The GLC 350 e, like all of Mercedes’ hybrid models to date, is the sort of car that’s at its best when driven unhurriedly. On more modest accelerator pedal openings, the electric motor copes well with the car’s two-tonne bulk. You’ll keep up with urban traffic easily, and maintain an A-road cruise without trouble.
But when you stretch the powertrain with wider throttle applications, the sheen comes off its style of delivery. Ask for full power and there’s often an unflattering delay before the combustion engine can wake up and supply it, followed by an unseemly lunge. Performance is strong in outright terms and powertrain response is better when the car is bowling along at more consistent speeds. But in manual mode, gearchanges can sometimes take a split-second longer than they should.
Brake pedal feel, a perennial bugbear of hybrid-electric cars that regenerate kinetic energy before activating their friction brakes, is also poor. Braking power ramps up suddenly beyond a certain point, and smooth progress can be tricky at low speed.
For keener drivers at least, other manufacturers offer more satisfying plug-in hybrid powertrains.

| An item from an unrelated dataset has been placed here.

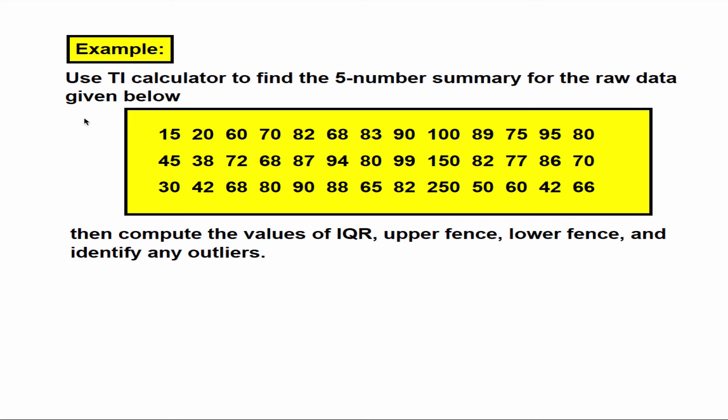Let's look at this example. We want to use the calculator to find the five number summary. And then we want to compute the values of IQR, upper fence, lower fence, and then identify any outliers.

But Mercedes may not worry too much about that, given that GLC owners will be used to making similar dynamic sacrifices relative to more agile-handling SUVs such as the Land Rover Discovery Sport and BMW X3. And given that the GLC 350 e, also like its rangemates, has strong practicality, commendable mechanical refinement and a fairly laid-back, cushioned ride to act as selling points.
The GLC’s high-voltage electric propulsion system is in effect noiseless from the driver’s seat. It’s powerful enough that you can quite easily keep the combustion engine from starting around town while comfortably keeping up with the traffic.

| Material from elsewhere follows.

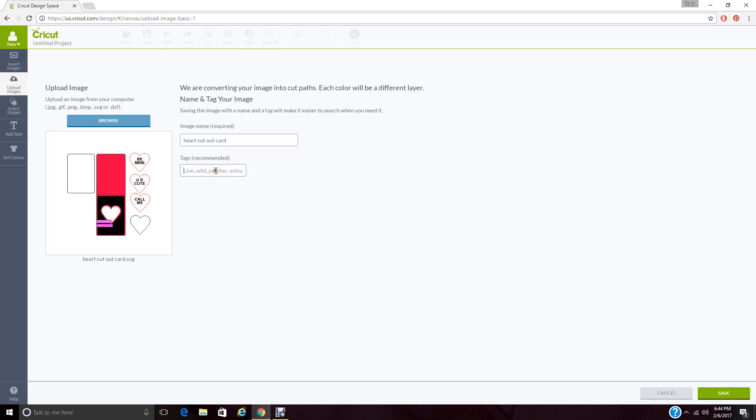So I'm going to put Valentine's, if I can spell. Valentine's. I'm also going to put parts and cards. By putting a comma in between all those, I've just added those three tags to that. Go ahead and hit save.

A ‘haptic’ accelerator pedal contributes to the intuitive functionality here, which mimics a kick-down detent marking the point of pedal travel after which the engine would be needed to provide greater acceleration. But that’s not all it does. The pedal also works in tandem with the sat-nav to encourage you to lift off and coast in plenty of time when approaching a built-up area, by issuing a short pulse of feedback direct to your right foot. For drivers not used to how best to drive for optimum economy, that’ll contribute notably to their efficiency return.
Mercedes’ claim for electric-only range is 21 miles, delivered by an 8.7kWh battery under the GLC’s boot floor. That’s less than is claimed for other similar PHEVs, but our testing suggested it’s a more accurate claim than others. On electric-only running, we covered just under nine miles using roughly 40% battery capacity. The battery takes a sliver of boot space away by raising the cargo bay floor by a couple of inches – but it leaves more than enough space for daily use.
The car’s handling is competent and controlled, with steering that is sensibly paced and weighted but generously power-assisted and muted on feedback. In both, you can feel the effect of two tones of kerb weight. Grip levels seem well matched to the car’s body control, although neither are outstanding.
With air suspension fitted the car rides quite softly, allowing a pleasingly laid-back, gently loping gait to develop in Comfort mode. Ramp up the suspension settings and the ride becomes noisier and more fidgeting, but it still lacks truly impressive close body control.